The Limit Comparison Test is a powerful tool used in calculus to determine the convergence or divergence of a series. It works on the principle of comparing two series whose terms \(a_n\) and \(b_n\) are positive and similar in nature.

To apply the Limit Comparison Test, you follow these steps:

• Identify two series: one being the target series \(\sum a_n\) whose convergence you wish to determine, and another known series \(\sum b_n\) with similar terms.
• Calculate the limit \L = \lim_{n \to \infty} \frac{a_n}{b_n}\.
• If L is a positive finite number (L > 0), then both series either converge or diverge together.

In the original exercise, we applied this test by comparing the given series \(\sum_{n=1}^{\infty} \frac{2}{\sqrt{n} + 2}\) with the series \(\sum_{n=1}^{\infty} \frac{1}{\sqrt{n}}\). By calculating the limit, we found it equaled 2, indicating both series behave in the same way.

A p-series is a fundamental type of infinite series, often written in the form \(\sum_{n=1}^{\infty} \frac{1}{n^p}\). The value of \(p\) determines whether the series converges or diverges.

Here's the rule of thumb for p-series:

• If \(p > 1\), the series converges.
• If \(0 < p \leq 1\), the series diverges.

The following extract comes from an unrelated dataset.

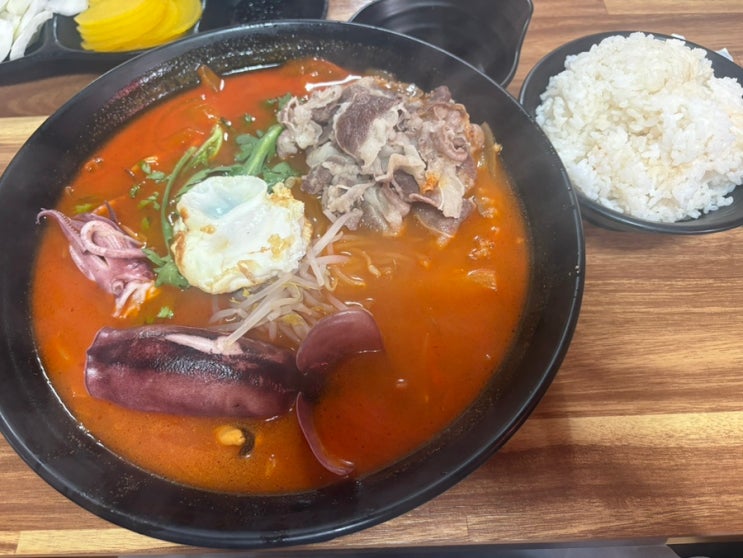   부여여행_#내돈내산 #부여스타벅스 #대성각 #짬뽕맛집 #이만총총31카페 #에펠제과 #시골통닭 다녀온 후기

This is crucial for analyzing convergence in relation to other series, as shown in the original solution. The comparison series in the exercise, \(\sum_{n=1}^{\infty} \frac{1}{\sqrt{n}} = \sum_{n=1}^{\infty} \frac{1}{n^{1/2}}\), is a classic example of a diverging p-series because \(\frac{1}{2} \leq 1\). This characteristic was vital to concluding the nature of the original series.

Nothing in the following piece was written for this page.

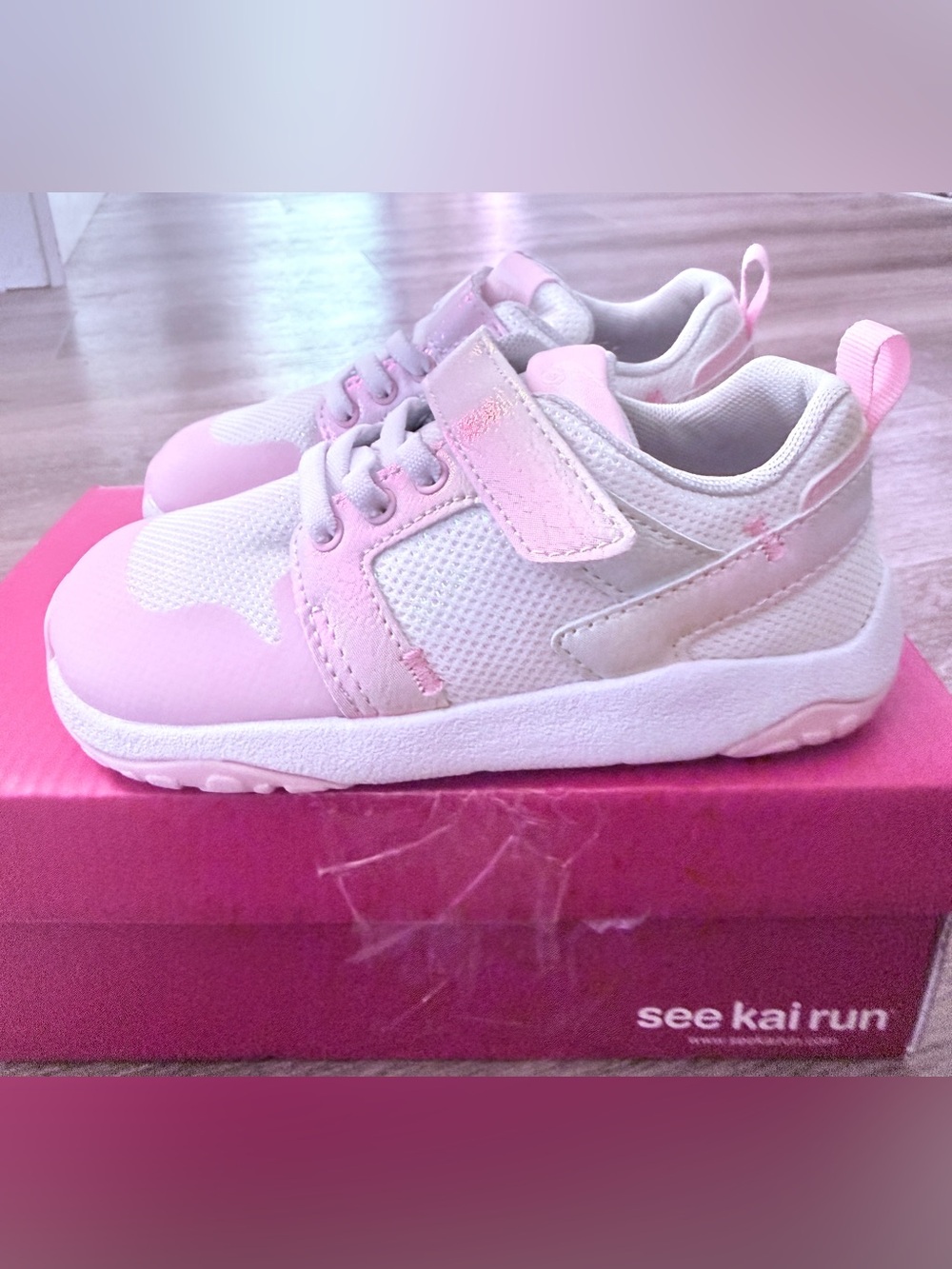 See Kai Run Viento sneakers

In calculus, a series is said to diverge when its sequence of partial sums doesn't approach a finite limit as n approaches infinity.

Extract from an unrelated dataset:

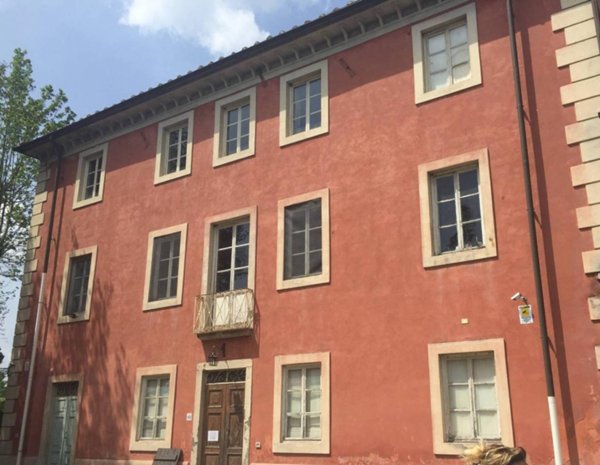 casa indipendente in vendita a Capannori in zona Marlia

There are multiple ways a series can diverge:

• The series grows indefinitely, without bound.
• The series oscillates or doesn't settle to a specific value.

In this context, divergence implies that the sum is not finite and the series does not stabilize. For example, in our exercise, the series \(\sum_{n=1}^{\infty} \frac{1}{\sqrt{n}}\) demonstrates divergence by growing indefinitely.

When using the Limit Comparison Test, discovering that a comparison series diverges, like in this case, allows us to conclude similarly about the target series. The series \(\sum_{n=1}^{\infty} \frac{2}{\sqrt{n} + 2}\) diverges together with its companion series.